● **REQUIRED WORK**
Please copy, word for word, the line that contains "Japanese floral wallpaper" and every line after it through the end of the records, and nothing more.

========

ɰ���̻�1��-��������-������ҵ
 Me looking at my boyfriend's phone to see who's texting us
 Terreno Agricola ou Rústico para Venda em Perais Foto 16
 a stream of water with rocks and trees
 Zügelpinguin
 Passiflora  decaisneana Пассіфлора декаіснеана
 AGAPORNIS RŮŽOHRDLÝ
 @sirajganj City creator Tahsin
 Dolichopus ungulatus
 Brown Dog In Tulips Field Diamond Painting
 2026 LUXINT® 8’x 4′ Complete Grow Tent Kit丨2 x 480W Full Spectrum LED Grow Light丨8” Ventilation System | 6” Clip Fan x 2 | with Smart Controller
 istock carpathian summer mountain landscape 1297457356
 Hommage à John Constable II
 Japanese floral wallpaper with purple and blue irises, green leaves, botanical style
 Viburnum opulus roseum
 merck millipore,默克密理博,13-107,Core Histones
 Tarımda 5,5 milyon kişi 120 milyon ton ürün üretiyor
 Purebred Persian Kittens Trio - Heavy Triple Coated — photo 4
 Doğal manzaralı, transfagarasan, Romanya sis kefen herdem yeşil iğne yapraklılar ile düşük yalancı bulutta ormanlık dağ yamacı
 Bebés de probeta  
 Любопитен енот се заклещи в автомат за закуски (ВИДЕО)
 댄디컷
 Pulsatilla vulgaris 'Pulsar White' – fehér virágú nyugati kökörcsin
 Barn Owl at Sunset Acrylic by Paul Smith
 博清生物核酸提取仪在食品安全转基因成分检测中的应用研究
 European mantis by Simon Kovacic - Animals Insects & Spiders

========

● **YOUR RESPONSE**
 Japanese floral wallpaper with purple and blue irises, green leaves, botanical style
 Viburnum opulus roseum
 merck millipore,默克密理博,13-107,Core Histones
 Tarımda 5,5 milyon kişi 120 milyon ton ürün üretiyor
 Purebred Persian Kittens Trio - Heavy Triple Coated — photo 4
 Doğal manzaralı, transfagarasan, Romanya sis kefen herdem yeşil iğne yapraklılar ile düşük yalancı bulutta ormanlık dağ yamacı
 Bebés de probeta  
 Любопитен енот се заклещи в автомат за закуски (ВИДЕО)
 댄디컷
 Pulsatilla vulgaris 'Pulsar White' – fehér virágú nyugati kökörcsin
 Barn Owl at Sunset Acrylic by Paul Smith
 博清生物核酸提取仪在食品安全转基因成分检测中的应用研究
 European mantis by Simon Kovacic - Animals Insects & Spiders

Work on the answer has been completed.